Kian does the exact same thing in the AM...he does his downward dog yoga pose before he lets me put his collar on.
A few times he will procrastinate with a command.
"SIT KIAN"... he looks at me, backs up 2 feet then sits :


----------



## minnere (Jul 8, 2010)

It is always sooooo funny to hear that they all act so similarly!!! Pacer does the downward dog pose as well. This usually happens in the middle of obedience class when we are working on recall. He eventually comes to me but has to get his stretch in first. Love to do it in the morning too! Or, when asked to do anything he doesn't "feel" like doing!


----------



## Kasey71209 (Oct 6, 2009)

Lol they definitely are very stubborn! You just laugh though when they put on a show before they actually do what you want. Kasey also does the noises


----------



## Kobi (Oct 26, 2010)

Kobi is the same as Kian... big time stretcher in the morning. He usually does it 3 to 4 times before we get out the door.

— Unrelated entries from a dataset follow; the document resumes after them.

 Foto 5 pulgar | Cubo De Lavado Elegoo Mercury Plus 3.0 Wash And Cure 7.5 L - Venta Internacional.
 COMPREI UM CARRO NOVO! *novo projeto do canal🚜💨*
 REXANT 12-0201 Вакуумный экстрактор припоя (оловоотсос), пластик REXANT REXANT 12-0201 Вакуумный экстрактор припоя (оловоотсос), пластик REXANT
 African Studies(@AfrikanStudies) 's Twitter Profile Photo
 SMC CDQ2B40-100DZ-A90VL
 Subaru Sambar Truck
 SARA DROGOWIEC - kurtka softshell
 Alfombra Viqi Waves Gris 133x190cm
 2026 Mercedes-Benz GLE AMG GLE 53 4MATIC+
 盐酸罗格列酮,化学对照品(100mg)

Another funny thing he does, especially if it is at all wet outside, is he comes in and rubs his face against the couch. Maybe to dry off? Anyways, the couch is on hardwood floors so there have been times he's pushed it a foot or two just from rubbing on it!


----------



## Linescreamer (Sep 28, 2010)

Oh yea the snout rubbing! After coming out of the rain or a bath, he will run into a carpeted room, put his head between his front legs and roll his snout, eye and forehead area aggressively on the rug. He goes so nuts - he will end up doing a few forward rolls and a couple sideways rolls. This is all while making the craziest noises and may turn into barking!


----------



## viszlaluv (Mar 16, 2011)

Lol, too funny. Our male DVS does that. We'll ask him to shake and he'll just sit there and look at you. It's not until our over achieving female, Roxy, runs over and does all her tricks in order that brings a change of heart. I think feels like he's been one up'd, so he'll give in and throw a paw at you, like "ok, I guess".


----------



## mswhipple (Mar 7, 2011)

Yes, Willie does seem to have a delayed response to some of my requests. It's like he has to think about it for a minute. ("Hummm... Let's see... Is this a reasonable request, or not?") I get much better cooperation from him just by speaking gently.


----------